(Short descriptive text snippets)
# # # #

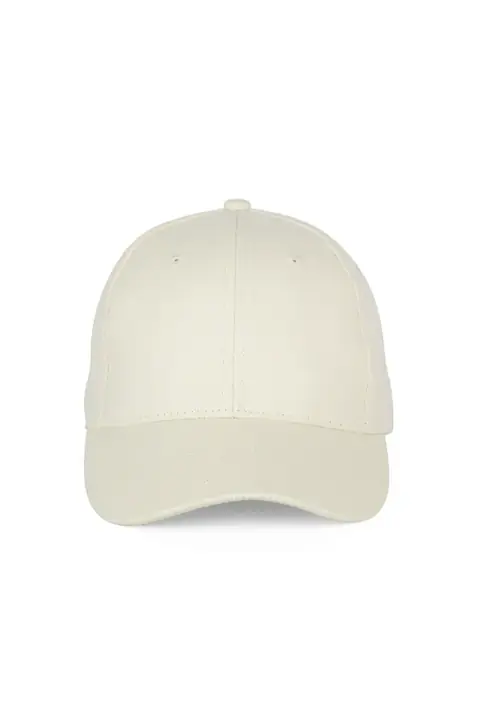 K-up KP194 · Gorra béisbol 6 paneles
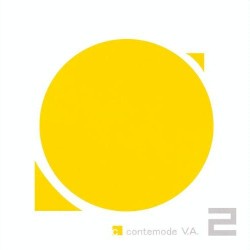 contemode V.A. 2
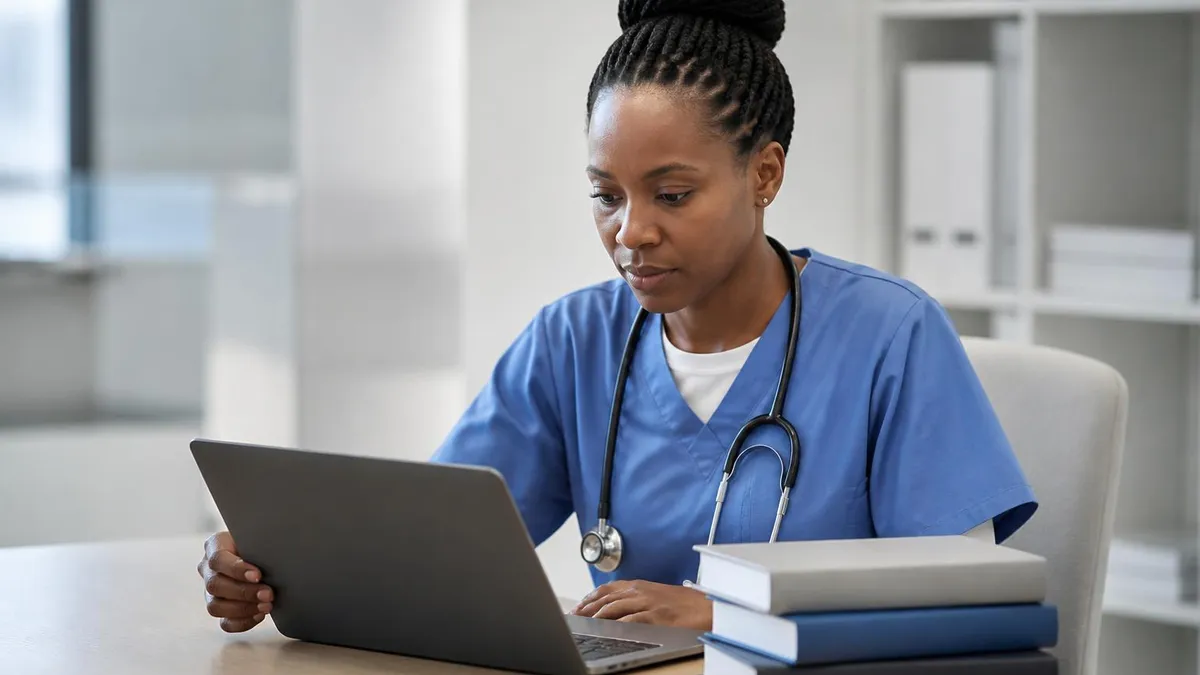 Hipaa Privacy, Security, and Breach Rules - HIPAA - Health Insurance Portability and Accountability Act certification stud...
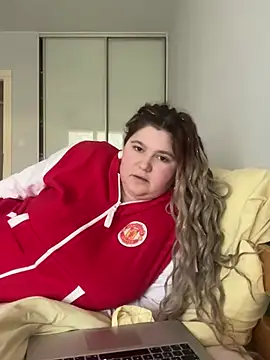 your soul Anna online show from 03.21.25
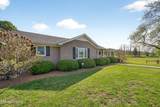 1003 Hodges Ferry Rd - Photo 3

# # # #

# PROBLEM DESCRIPTION
Beginning with the line that contains "your soul Anna online show from 03.21.25" and ending with the last line of the data, transcribe each line exactly; pictures stay out.

# RESPONSE BOX
 your soul Anna online show from 03.21.25
 1003 Hodges Ferry Rd - Photo 3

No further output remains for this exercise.